Untangling the knot: A brief history of the Canadian textile industry
I have always been a wee bit of a history nerd, long before I chose it as my field of study at Carleton University. I could never stop myself from wondering about the past of places, the people who lived there, the events that transpired, and the experiences that shaped the present.
Egged on by my boundless curiosity, I often buried my head in books and encyclopaedias, and whenever an opportunity presented itself, I would visit historical sites and museums. Imagine my excitement when I found out I was accepted to do my practicum at Ingenium – Canada's Museums of Science and Innovation! Now I could see for myself how history is documented and preserved, and work alongside the dedicated people who contribute to the conservation of our past.
Upon my first tour of the vast museum artifact warehouses, I couldn’t help but gawk at the great multitude of fascinating things — trains, antique cars, telephone station switchboards, typewriters… I was enraptured. However, my excitement was subdued as I approached one of the objects of my study — a steel monstrosity painted green. The Crompton and Knowles industrial silk and rayon loom, model S-6 — former property of Kingston’s DuPont textile facility — was massive, menacing and way out of my league. Yet, I was to acquaint myself with the mechanic beast. This was to be my project: the study of the artifacts in the industrial textile collection and the research of relevant material, for the purpose of expanding Ingenium’s catalogue information. Over the weeks that followed, I familiarized myself with this big machine and others like it in the collection. Although I dubbed it the “green monstrosity,” it was actually a very cool loom, considered to be top of the line in the days of its operation. Through this exploration, I began my investigation into the history of the Canadian textile industry.
Historically, textile manufacturing has been an influential Canadian industry, playing an important economic role throughout the nineteenth and twentieth centuries. In fact, it was the third-largest employer in industrial manufacturing in the mid-nineteenth century, after iron and steel production. In the hard years of 1930 –1935, textile manufacturing sustained industrial employment. By the 1970s, Canadian textile workers earned the highest pay in the sector across the globe.
Taken from trade literature, this image shows the Model R.T.R. Wildt & Co. knitting machine used in Kingston, Ontario.
Prior to the industrialization of textile manufacturing in Canada, fabric was produced at home or imported. The earliest-known mill that undertook all the steps in textile manufacturing was a woollen mill built in the 1820s. More mills producing wool fabric were soon constructed. By the mid-1800s, the industry had expanded to include some 385 cotton mills across Upper and Lower Canada. By the early 1900s, the industry included knit goods production and a growing number of man-made fabrics using innovative blends, with close to 2,000 factories and mills in operation.
At its height in the twentieth century, the textile industry was so well organized and robust that it not only fulfilled up to 60 percent of domestic market demands, but it also met military requirements during both world wars. By the end of twentieth century, the rise of textiles manufactured in developing countries resulted in a decline in Canadian domestic production. Today, the majority of Canada’s textile needs are filled with imported goods.

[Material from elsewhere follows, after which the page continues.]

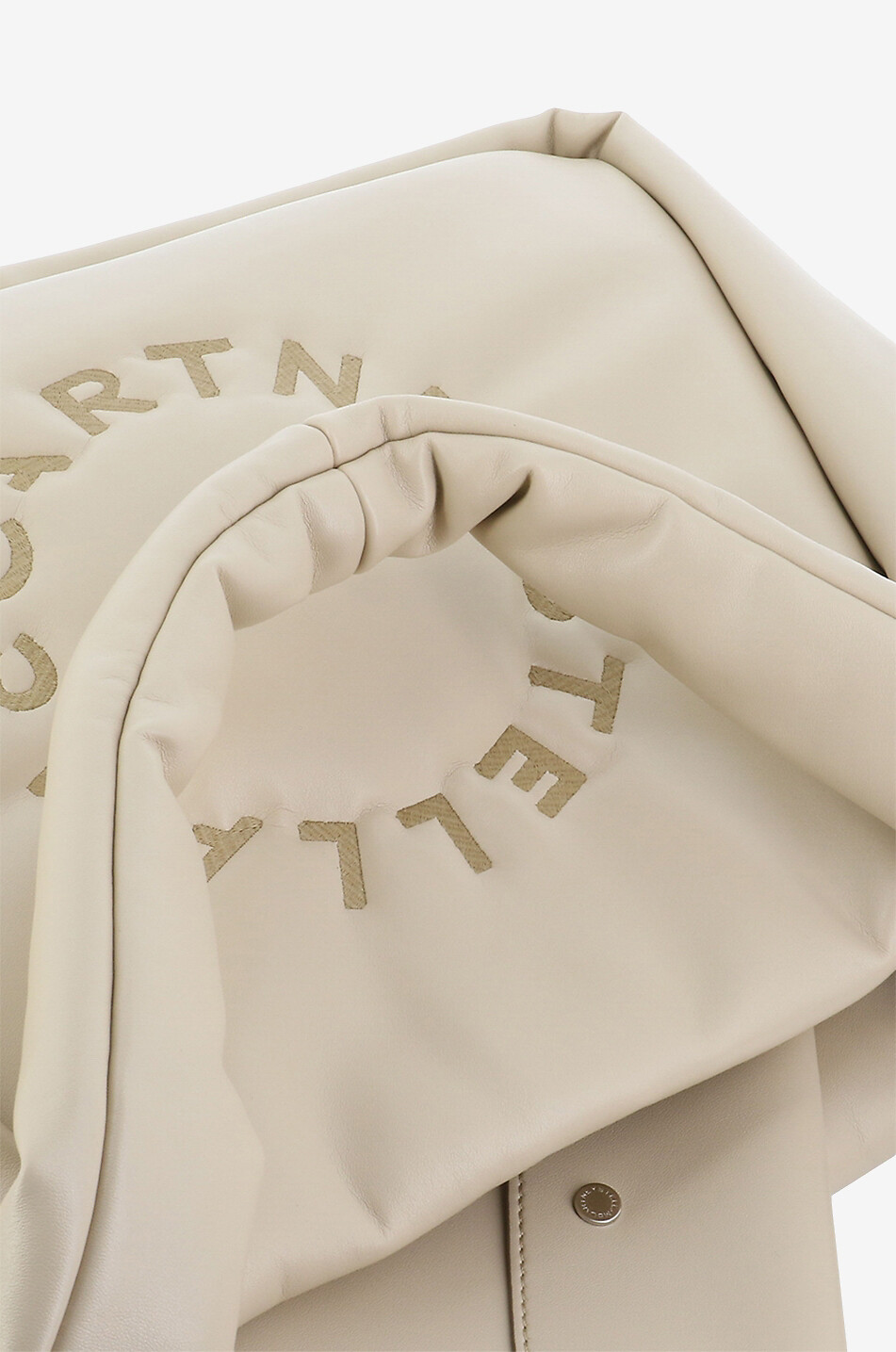 STELLA McCARTNEY Sac cabas en cuir nappa synthétique Stella Logo Puffy Femme BEIGE 6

My practicum at Ingenium broadened my knowledge of Canadian industry and permitted this educational excursion into Canadian history. I am also quite thrilled that I caught a glimpse of the amazing variety of artifacts housed at the museum — over 80,000 pieces demonstrating our progress and ingenuity. Although we did not become great friends, the loom and I, at least I understand its workings a little better.
Taken from trade literature, this ad shows a Canadian textile mill, circa 1950.